Sandra and Ed have not moved far from where they spent their childhoods. They both grew up in Waterville—Ed in an Irish-American family (his mother was half-Irish, half Franco-American), and Sandra in a Franco-American family. Sandra’s mother died in 1988, eleven years before Jarod’s death, when Jarod was seven. Ed’s childhood stopped abruptly when he was quite young. His father died when he was seven, his mother when he was fourteen, after which he lived more or less on his own, finishing school and then joining the service. Since then, his two brothers, his uncle, his aunt, and a cousin have died, as well. Only his sister is still living. “At fifty-three, I’m the tail end of the family,” he says. Still, none of these losses helped him with Jarod’s death. “There was so much tucked away in the closet,” he says of his growing up. “There was no one there for me when Mom was dying. I didn’t want to open that door.”

The couple met when they were both working at Inland Hospital in Waterville, Ed as a physical therapy assistant, Sandra in Central Services, where the hospital’s instruments and needles are sterilized. They married in 1980. Eventually, Ed went into management and worked at Sam’s Club and Service Merchandise in Augusta and then at the Dollar Tree in Waterville (where, at Adam’s suggestion, I found journals for the participants in the Camp Ray of Hope workshops).
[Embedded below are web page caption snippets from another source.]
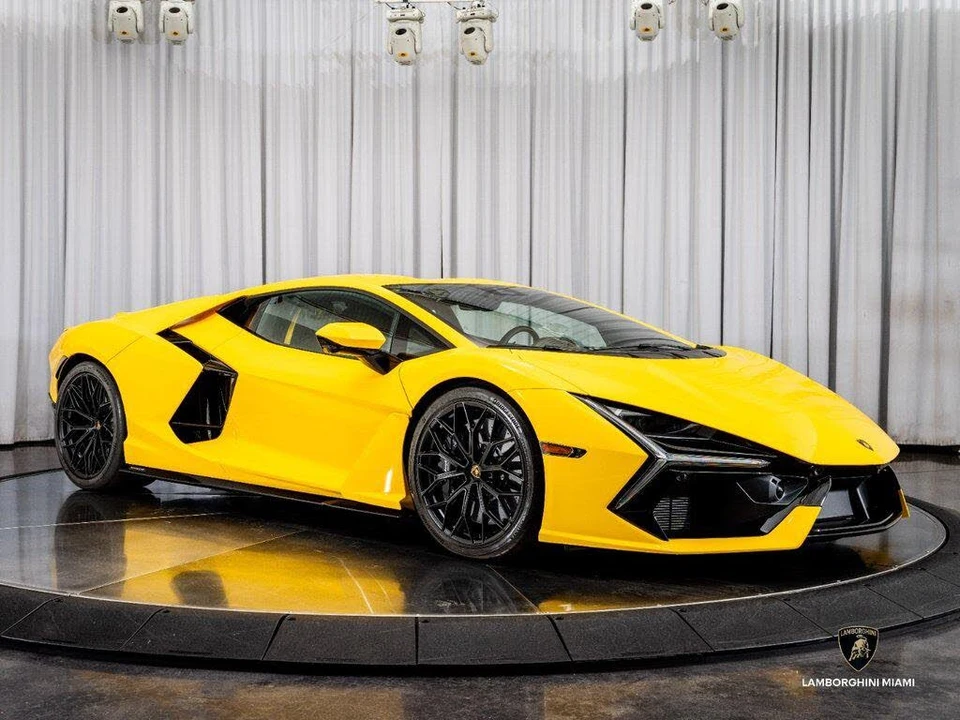 2024 Lamborghini Revuelto - Image 27 of 31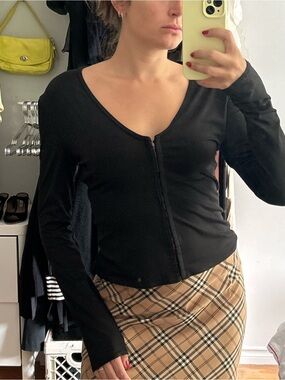 VINTAGE Bisou Bisou Black Long-Sleeve y2k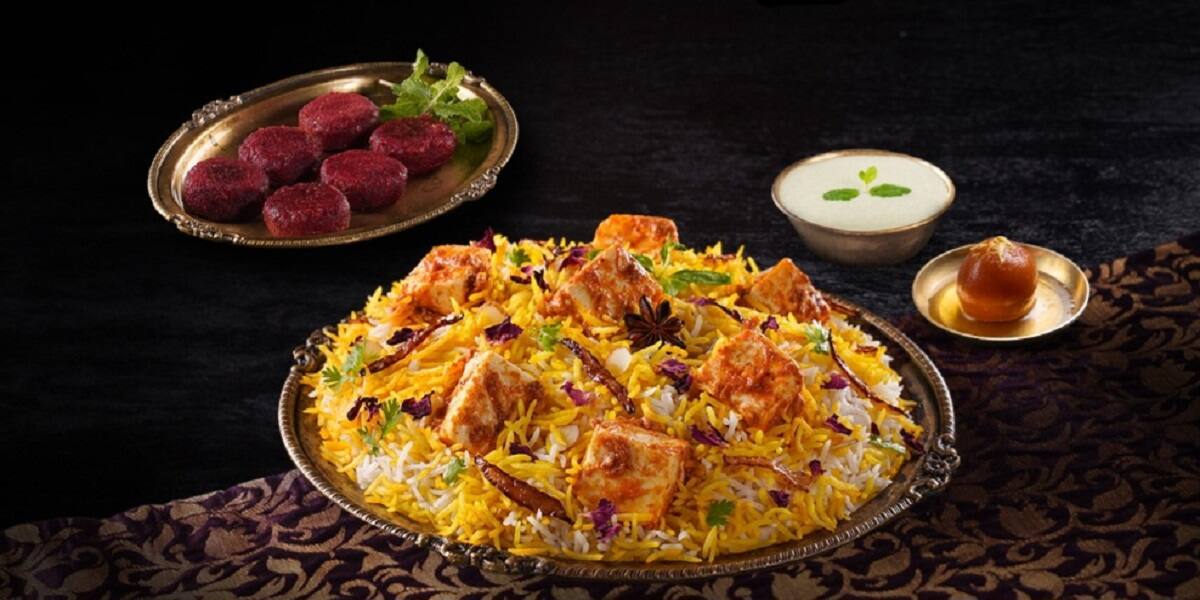 places to eat in Gopalapatnam and NAD Junction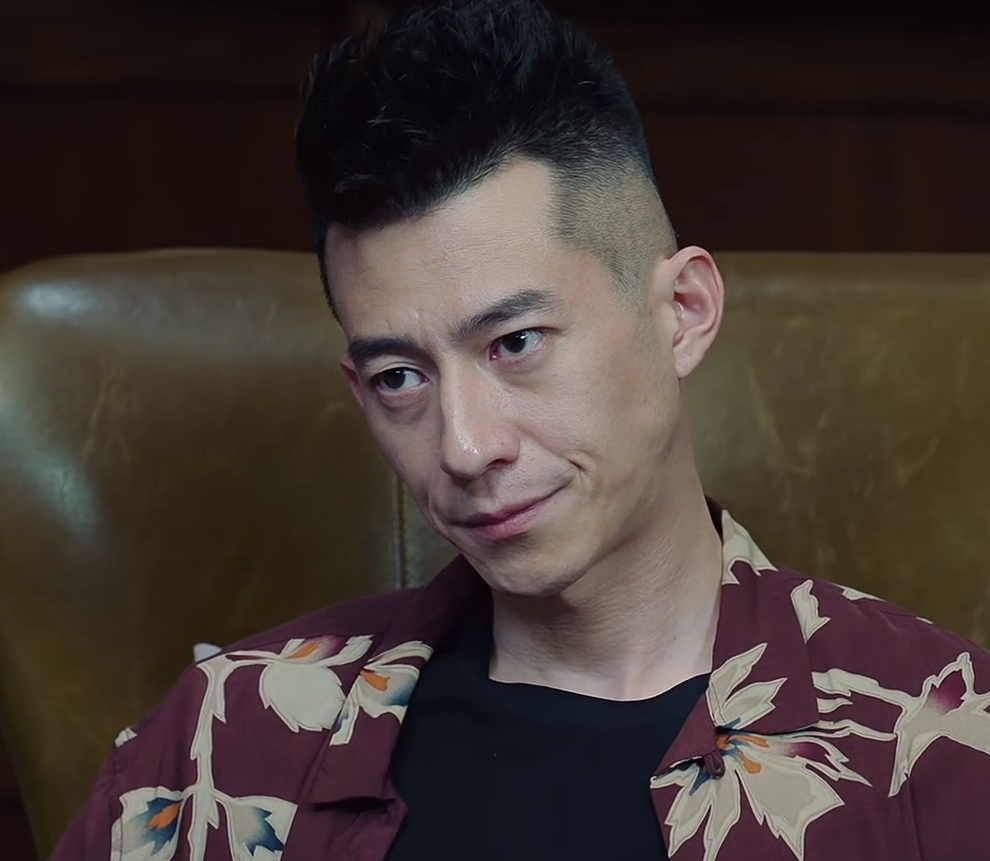 巡回检察组:剧情杂乱,硬插广告,用角不当,再多老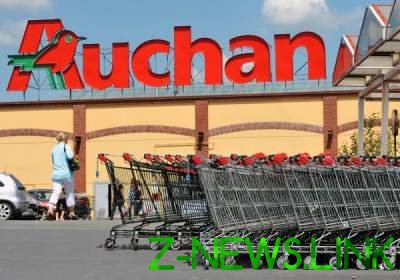 Обыскивали и унижали: подробности скандала в киевском супермаркете 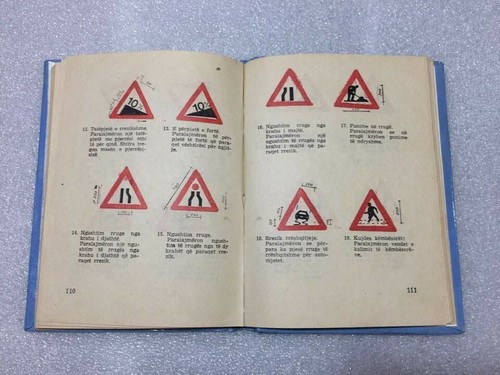 old 2 albanian small books-Enver Hoxha-communism time-KODI PENAL-KODI RRUGOR-RAR - Picture 16 of 20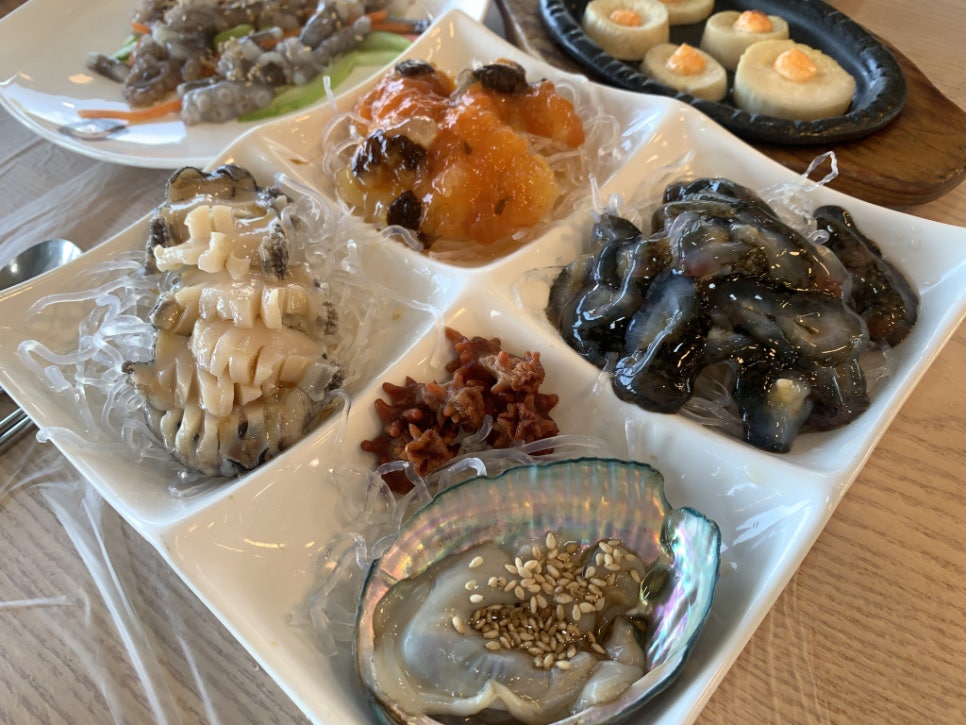 해변풍경횟집 이미지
The Kervins describe Jarod’s suicide as totally unexpected. They saw no warning signs, no previous struggle with depression. The night before his death, he spent the evening with the family in their living room, talking and watching television. When he didn’t appear the next morning or answer the phone, Ed sent Adam over to check on him. Sandra had already left for work, and though she noticed the bedroom light was on in the apartment, not the living room light, which was unusual, and though Jarod didn’t come out to say goodbye to her, as he almost always did, she didn’t think much of it. Entering the apartment, Adam glimpsed his older brother’s body, then ran back to the house, crying out, “There’s a gun on the bed and blood everywhere!”

Ed ran next door, grabbed the gun out of his son’s hand and threw it on the floor, then fled the apartment and called 911 and Sandra. The 911 dispatcher told him to go back in and check for a pulse, which he did, though he knew, from the stiffness of Jarod’s hand where it had held the gun, that his son was already dead. “That was,” he tells me, “maybe the hardest thing I had to do, going back in.” A deputy from the Kennebec County Sheriff’s Department arrived and called for backup. The police descended on the apartment, going through everything in their investigation. Though some communities now have trained teams who will go to a home where a suicide has taken place and assist the family, such help didn’t exist in central Maine in 1999. The Kervins stood off to the side, in shock. “I have two words to describe the loss of my son,” Ed tells me. “Total devastation.”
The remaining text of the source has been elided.